Sejamos justos. A sanha privatista do atual governo não começou agora, nem é um raio em céu azul. Na verdade, uma das primeiras medidas do governo Eduardo Leite em 2019 foi aprovar na Assembleia Legislativa uma emenda que retirou da Constituição Estadual a exigência de que a privatização da CEEE, da Companhia Rio-grandense de Mineração (CRM) e da Companhia de Gás do Estado do Rio Grande do Sul (SULGÁS) só poderia ser realizada após consulta à população por meio de plebiscito.
Essa mudança constitucional pavimentou o caminho para a privatização e no dia 31 de março de 2021, a CEEE-D foi leiloada em um lance único por irrisórios R$ 100 mil. Segundo o noticiário, o leilão sem concorrentes durou menos de 15 minutos, provavelmente apenas o tempo de se ler a proposta e bater o martelo de “vendido”. Infelizmente, tempo suficiente para privatizar a estatal de um setor estratégico para a soberania nacional e para o desenvolvimento como o setor elétrico.
Dias antes, o governador anunciou a intenção de também vender a estatal de água e saneamento do estado, a Corsan. Não bastando o descalabro da proposta, o estelionato eleitoral também veio a galope. Em 2018, o então candidato Eduardo Leite se comprometeu formalmente que não privatizaria o Banrisul e a Corsan, alegando inclusive o caráter estratégico da empresa de saneamento para o estado.
Para levar adiante este projeto, o governo precisará aprovar nova emenda à constituição estadual. Desta feita, a proposta que retira a exigência de plebiscito sobre as privatizações das empresas públicas alcança não só a Corsan, como também o Banrisul e a Procergs (Companhia de Processamento de Dados do Estado do Rio Grande do Sul).

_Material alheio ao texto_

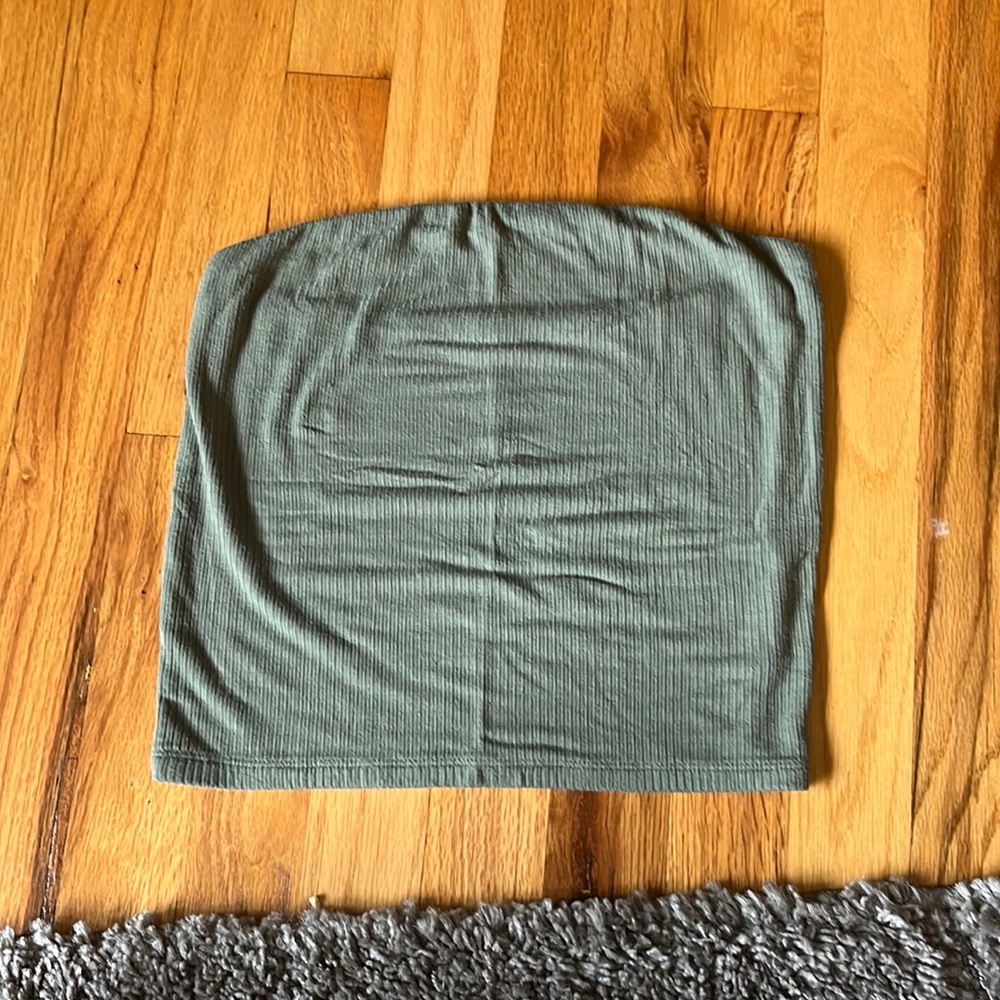 Brand: American eagle Size: Medium Color: green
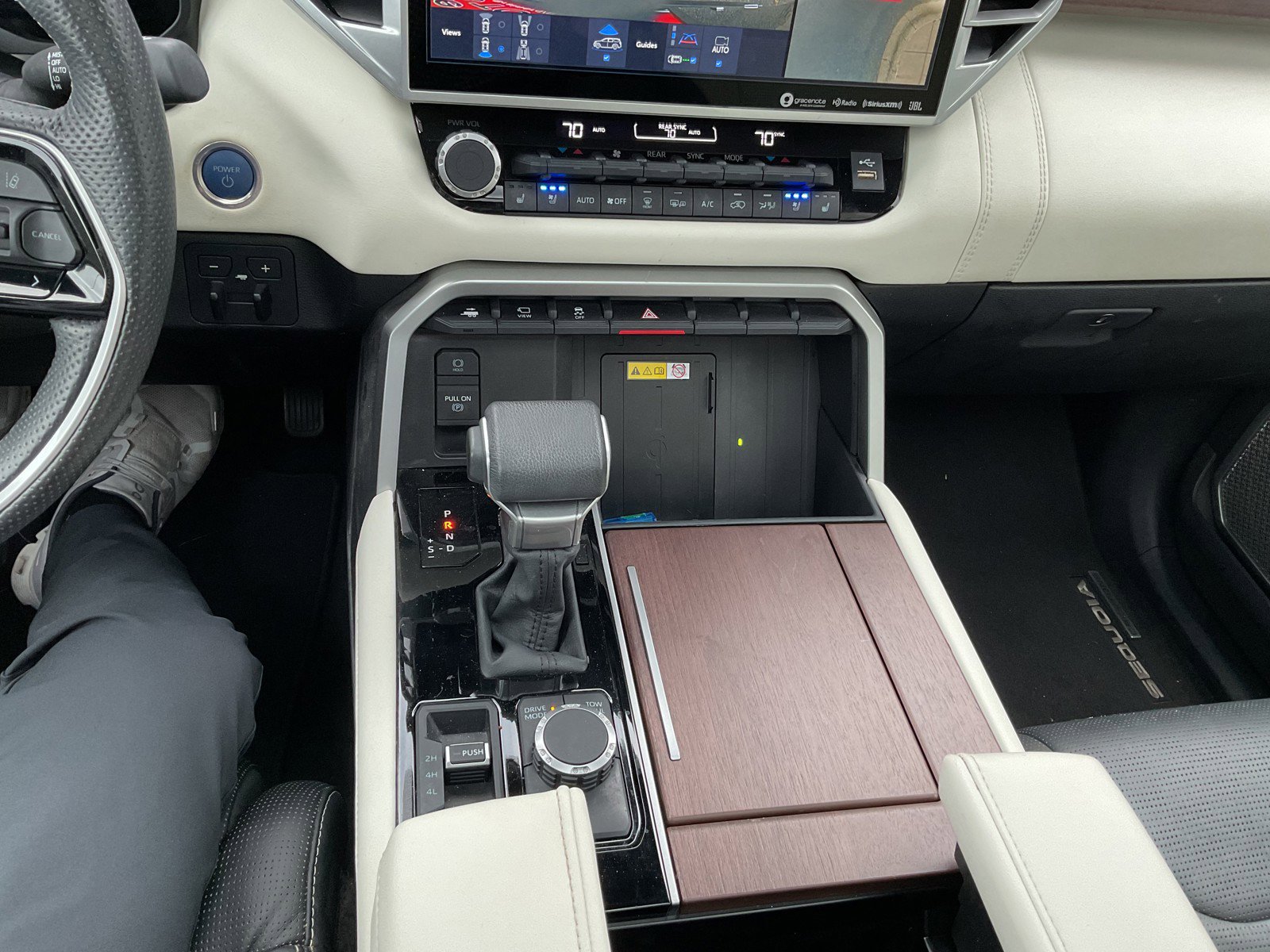 Used 2024 Toyota Sequoia Capstone image 19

Na contramão de vários países que tem ampliado a responsabilidade do Estado sobre serviços públicos essenciais, tanto a privatização da CEE quanto da Corsan são lesivas aos interesses da população do Rio Grande do Sul. Os impactos de colocar a distribuição de energia elétrica e a gestão da água e do saneamento básico sob a lógica privada serão sentidos diretamente pela população.

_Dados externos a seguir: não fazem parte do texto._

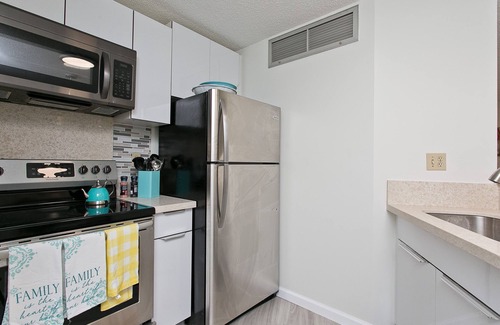 Downtown Honolulu Condo | Spacious 1-Bedroom in Downtown Honolulu - Perfect for Families and Travelers!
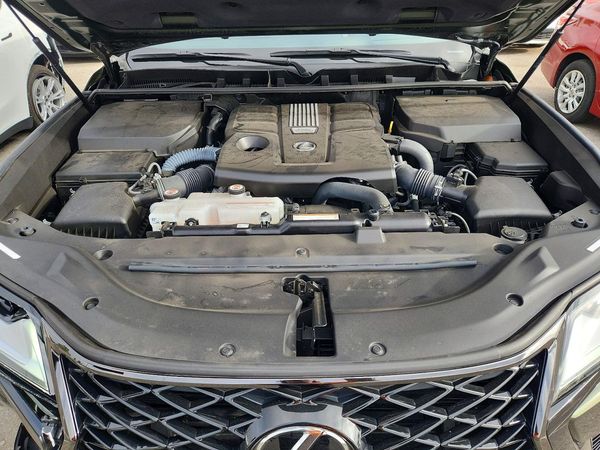 2025 LEXUS LX 600 — Engine bay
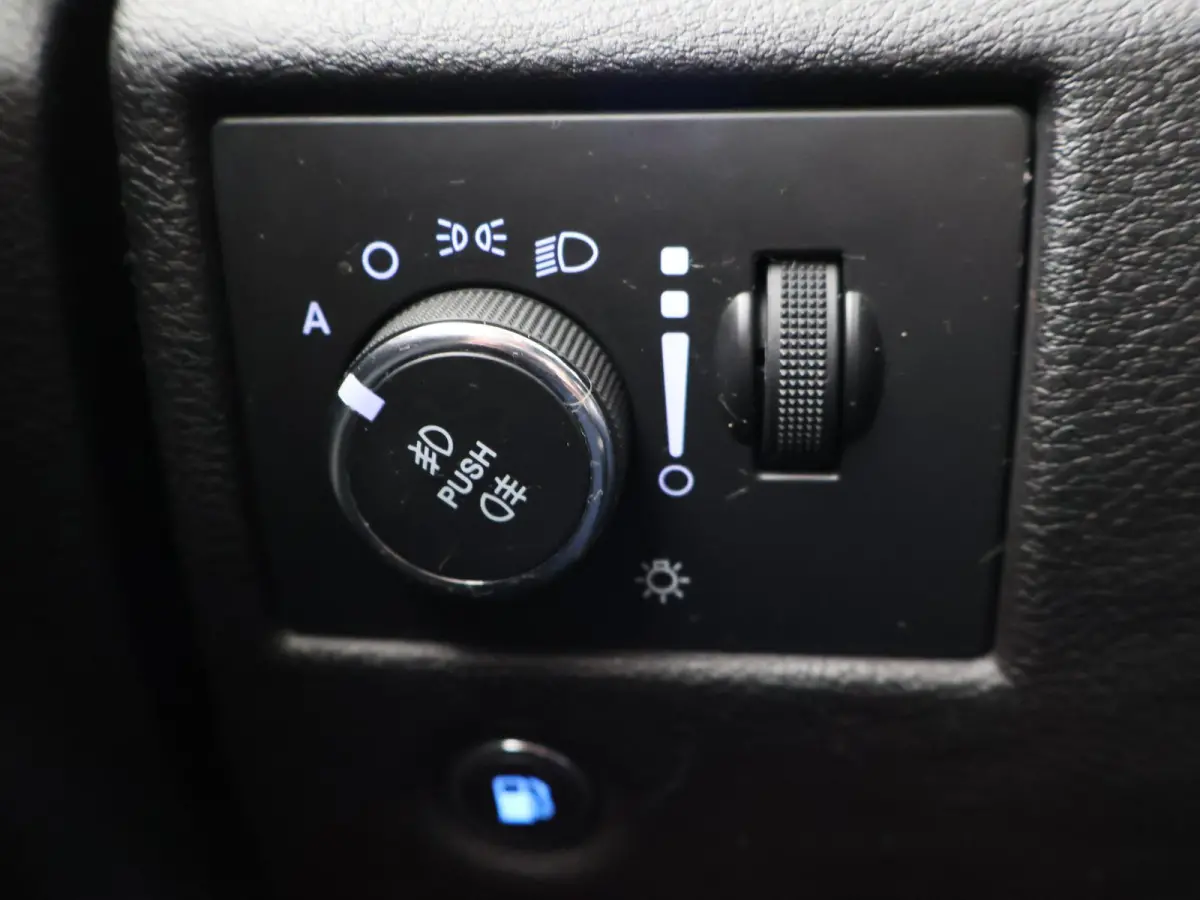3.0 CRD AUT. GRIJS KENTEKEN OVERLAND + ADAPTIVE CRUISE | TREKHAAK 3500 KG | SCHUIFDAK | LEDER | STOELVENTILATIE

Em geral, as privatizações destes setores têm sido acompanhadas de aumento das tarifas, queda da qualidade dos serviços e redução acentuada dos investimentos. No caso da Corsan, há que se considerar ainda os efeitos de uma eventual privatização sobre os pequenos municípios e as populações mais pobres. A busca pelo lucro que orienta o setor privado é um obstáculo a tarifas sociais e investimentos nas regiões mais distantes e de maior vulnerabilidade social que são cobertas pela empresa pública.

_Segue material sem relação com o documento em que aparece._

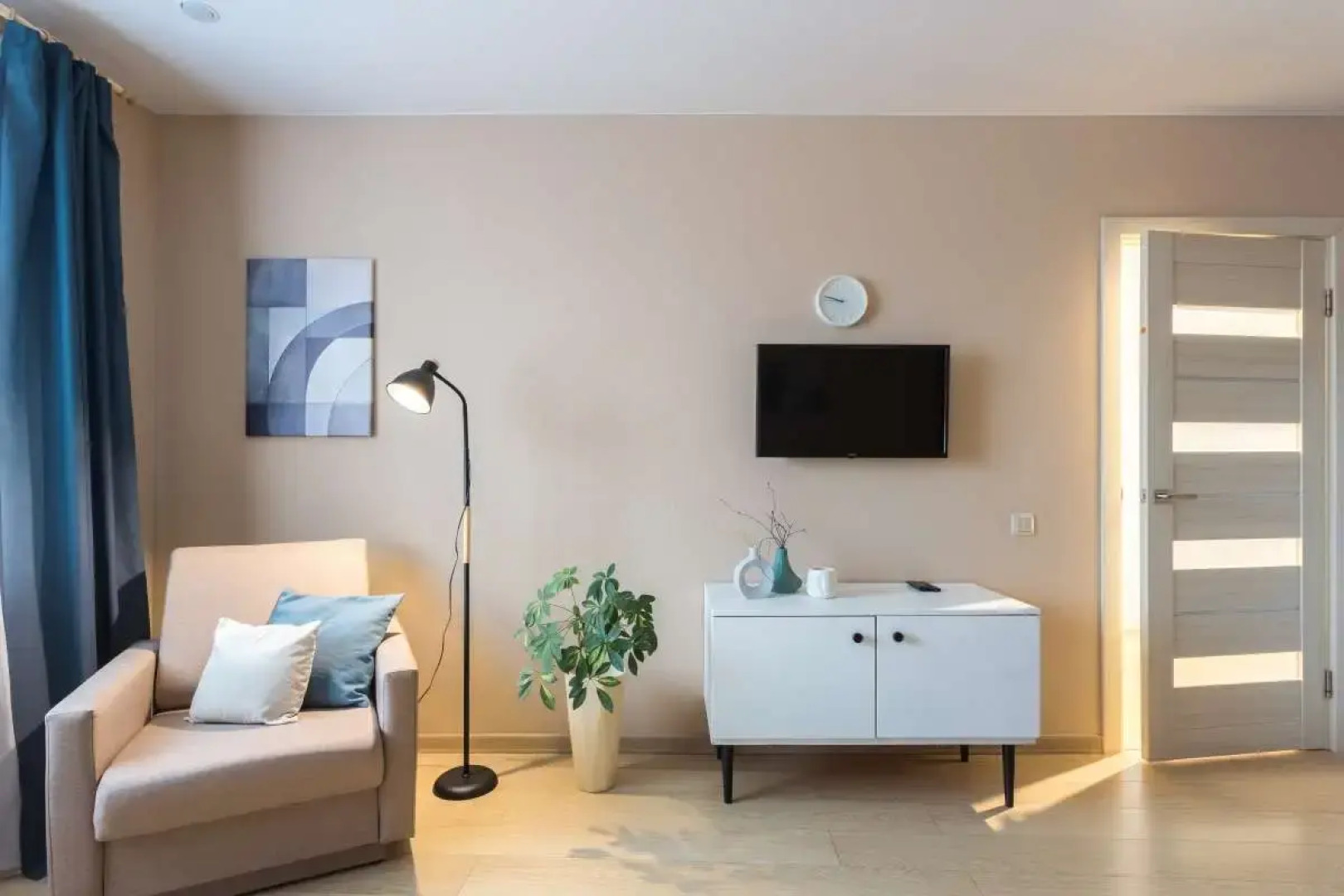 Апартаменты двухкомнатные с Видом на Привокзальную Площадь Hygge Karelia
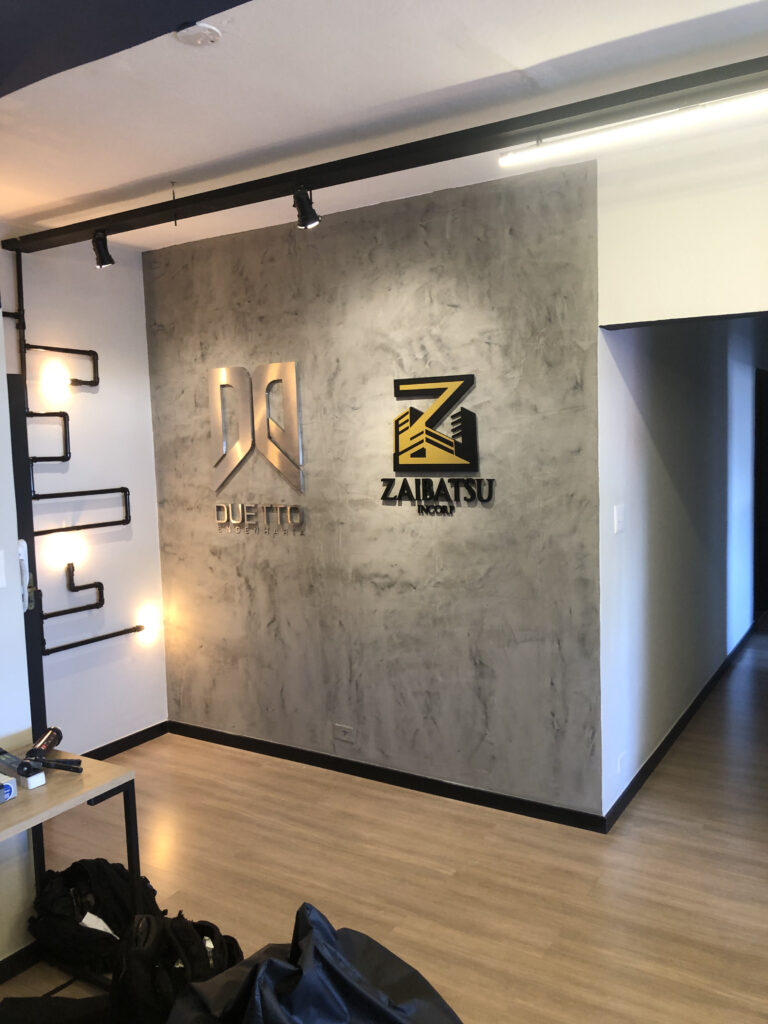 Letra-caixa em chapa galvanizada.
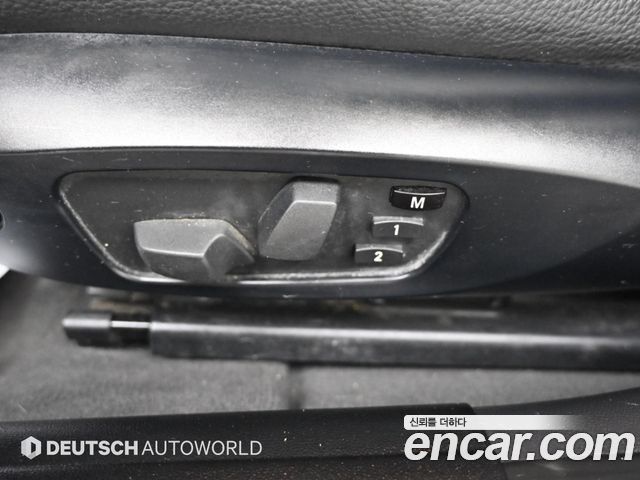 BMW 3-Series 2011 — photo 15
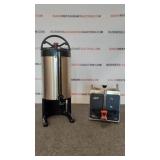 (1) Coffee Urn, (1)coffee Shuttle (1) Coffee Urn, (1)coffee Shuttle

Com essa agenda regressiva, Eduardo Leite também busca apresentar suas pretensões eleitorais para o grande capital. Ao mesmo tempo em que tenta vender uma imagem de gestor moderno e aberto ao diálogo, não titubeia em desmontar o Estado e os direitos da classe trabalhadora para mostrar serviço ao “andar de cima”.
Por mais diferenças que tente encenar, Eduardo Leite converge com o bolsonarismo na defesa de um programa econômico anti-nacional e anti-popular. Nessas duas versões do entreguismo, outra coisa em comum: o povo segue pagando a conta.